Augarten-Flakturm: Ode an die Hässlichkeit

Flakturm im Augarten

Flakturm im Augarten

Schmutzig, grobschlächtig, überdimensional: Wie ein dunkles Tier hockt der Flakturm inmitten des Wiener Augartens – ein Relikt aus vergangenen Zeiten, eine Ritterburg des 20. Jahrhunderts, eine hässliche Warze, die das langweilig-glatte Antlitz der barocken Gartenanlage erst interessant macht. Und eine hervorragende Inspiration für einige der besten Geschichten und Legenden der Nachkriegszeit.
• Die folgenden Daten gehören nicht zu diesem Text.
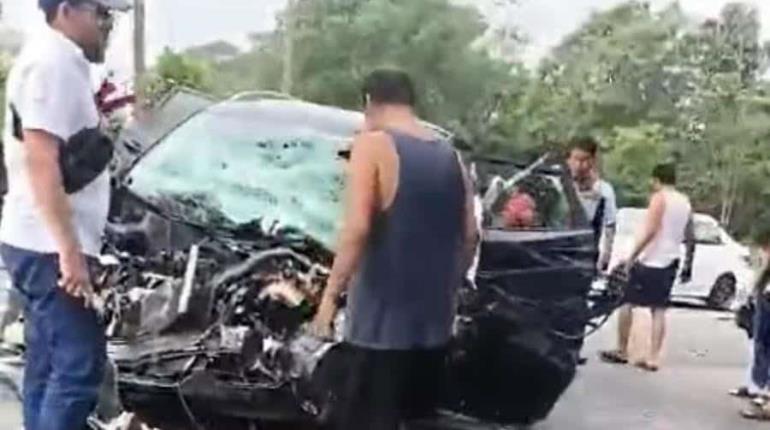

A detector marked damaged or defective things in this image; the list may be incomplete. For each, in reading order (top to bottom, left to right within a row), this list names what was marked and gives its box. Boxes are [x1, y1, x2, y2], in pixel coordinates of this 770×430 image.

cracked glass windshield [127, 100, 360, 249]
shattered windshield [127, 100, 362, 247]
wrecked black car [61, 91, 616, 430] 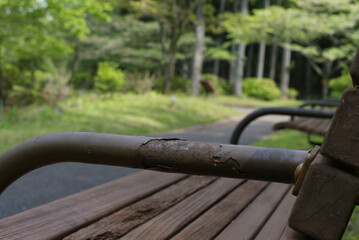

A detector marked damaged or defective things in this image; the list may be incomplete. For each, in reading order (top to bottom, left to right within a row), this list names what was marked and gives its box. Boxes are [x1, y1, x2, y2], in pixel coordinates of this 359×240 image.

rusty metal tube [0, 132, 310, 194] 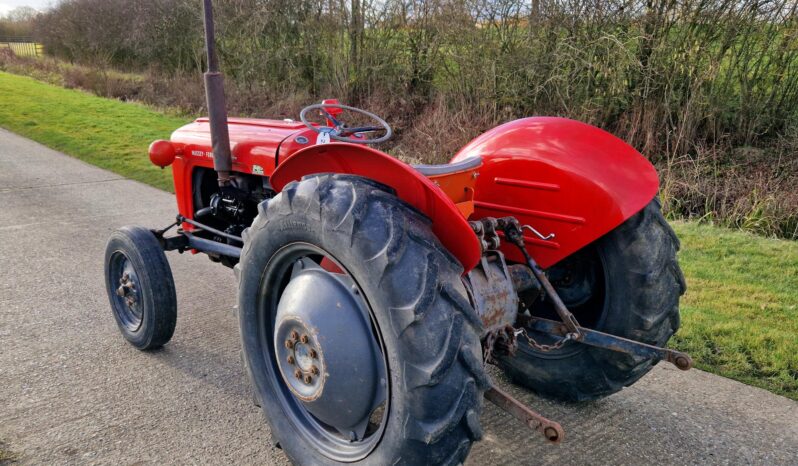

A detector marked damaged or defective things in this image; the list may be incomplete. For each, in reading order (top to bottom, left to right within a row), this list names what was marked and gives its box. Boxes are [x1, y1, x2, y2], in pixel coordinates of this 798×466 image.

rusty metal link [516, 326, 580, 352] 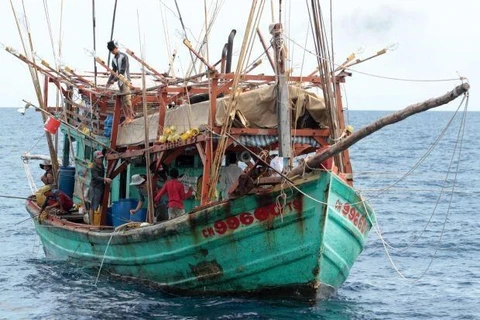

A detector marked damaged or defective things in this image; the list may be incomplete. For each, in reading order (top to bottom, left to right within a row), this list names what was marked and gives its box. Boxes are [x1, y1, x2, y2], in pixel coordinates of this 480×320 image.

tattered tarp [115, 84, 326, 146] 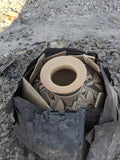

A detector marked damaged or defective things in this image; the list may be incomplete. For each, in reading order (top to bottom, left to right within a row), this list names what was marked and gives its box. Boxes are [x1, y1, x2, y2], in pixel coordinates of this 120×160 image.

burnt wood piece [13, 96, 86, 160]
burnt wood piece [86, 122, 120, 159] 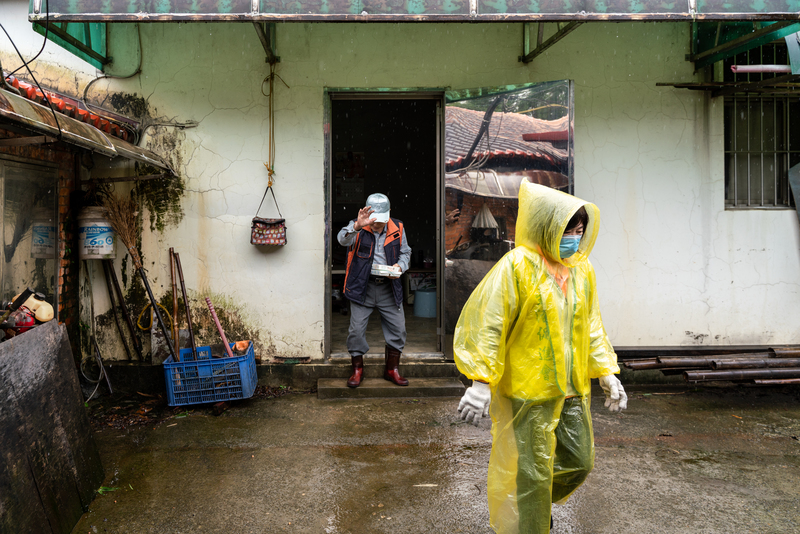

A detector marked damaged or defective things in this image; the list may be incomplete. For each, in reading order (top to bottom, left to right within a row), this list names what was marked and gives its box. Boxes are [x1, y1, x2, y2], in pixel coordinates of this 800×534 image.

cracked wall plaster [1, 5, 800, 356] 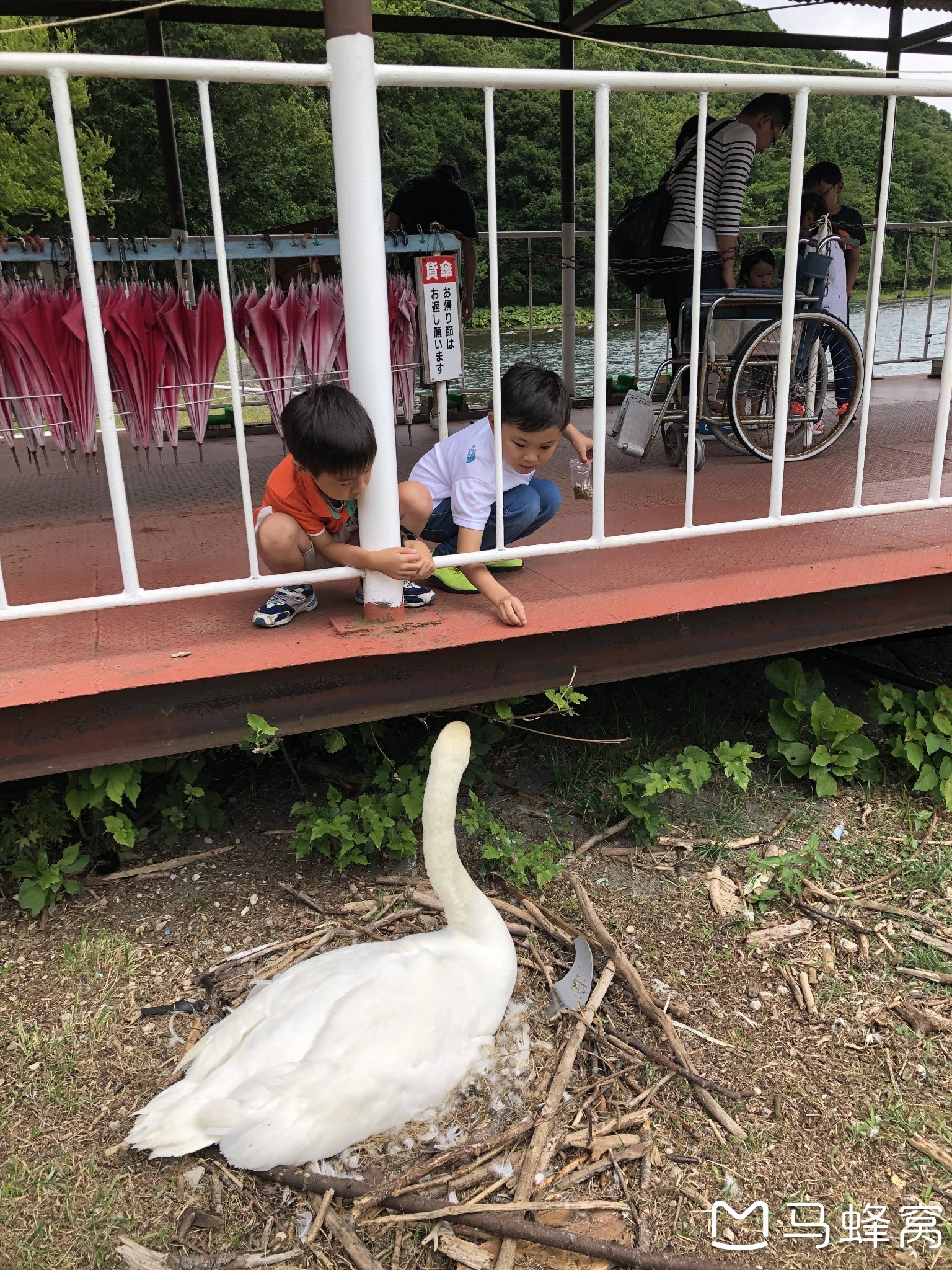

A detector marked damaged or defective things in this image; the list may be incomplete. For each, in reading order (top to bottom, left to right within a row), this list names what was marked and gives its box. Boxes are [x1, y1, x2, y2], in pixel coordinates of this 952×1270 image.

rusty metal beam [4, 574, 949, 772] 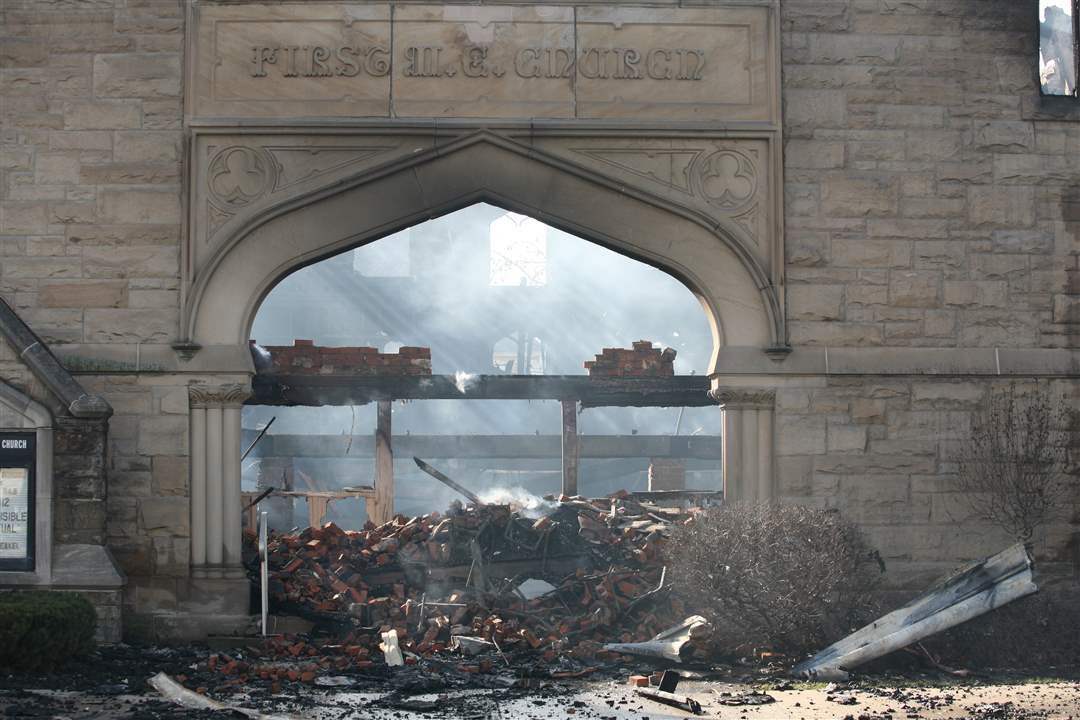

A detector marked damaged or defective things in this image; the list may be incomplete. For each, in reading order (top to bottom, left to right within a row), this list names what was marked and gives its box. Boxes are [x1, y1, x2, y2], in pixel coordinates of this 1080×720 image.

broken window glass [1041, 0, 1075, 97]
charred wooden beam [248, 375, 712, 408]
charred debris pile [240, 492, 721, 677]
pile of broken brick [240, 492, 721, 686] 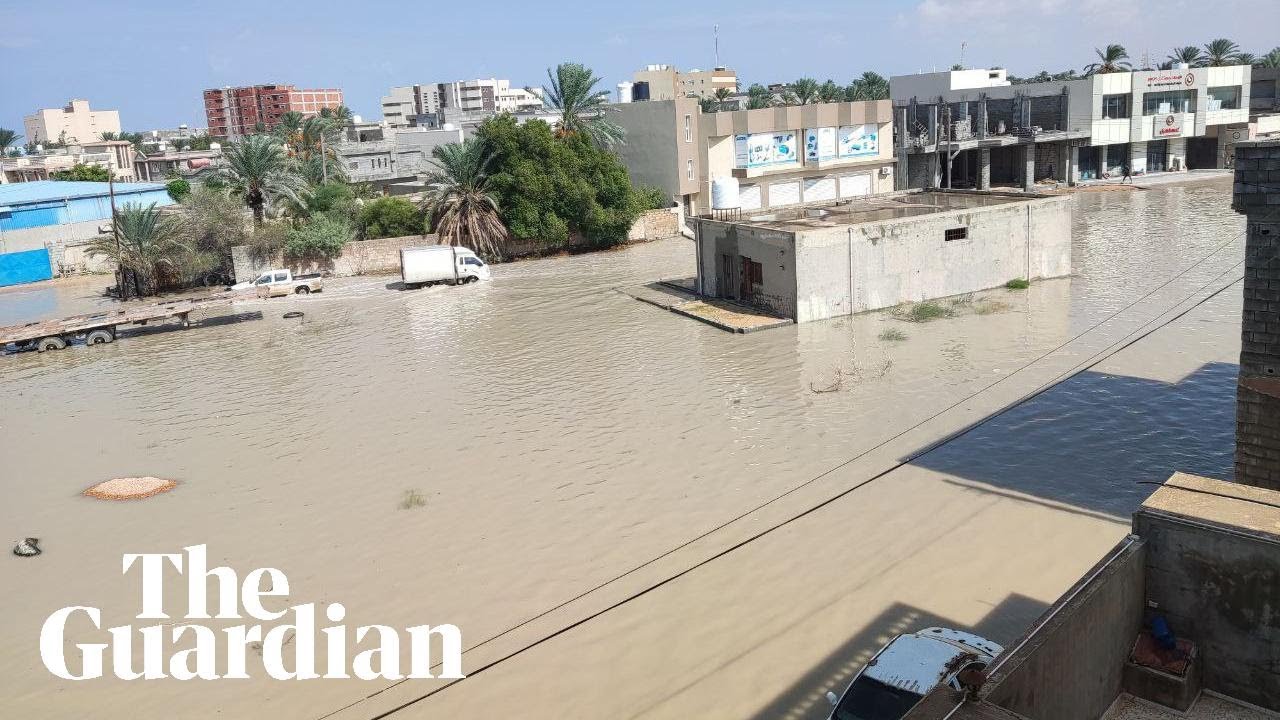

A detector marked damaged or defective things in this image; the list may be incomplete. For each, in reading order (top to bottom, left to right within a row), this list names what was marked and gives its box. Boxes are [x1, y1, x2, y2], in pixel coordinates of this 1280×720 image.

damaged infrastructure [688, 191, 1072, 326]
Kurz vor Kriegsende fertiggestellt hatte der Geschützturm mit dem Codenamen „Peter“ alles, um als Trutzburg monatelang einer Belagerung durch die Alliierten standzuhalten: Generatoren, Krankenstation, Vorräte und Munition für Monate.  „Fight Club“-Autor Chuck Palahniuk skizzierte bei einem Wien-Besuch in wenigen Worten ein Horror-Epos über das Leben und Sterben im belagerten Turm, wo bald „Mord und Totschlag, Raub, Vergewaltigungen, das nackte Chaos, am Ende Kannibalismus“* herrschen würden.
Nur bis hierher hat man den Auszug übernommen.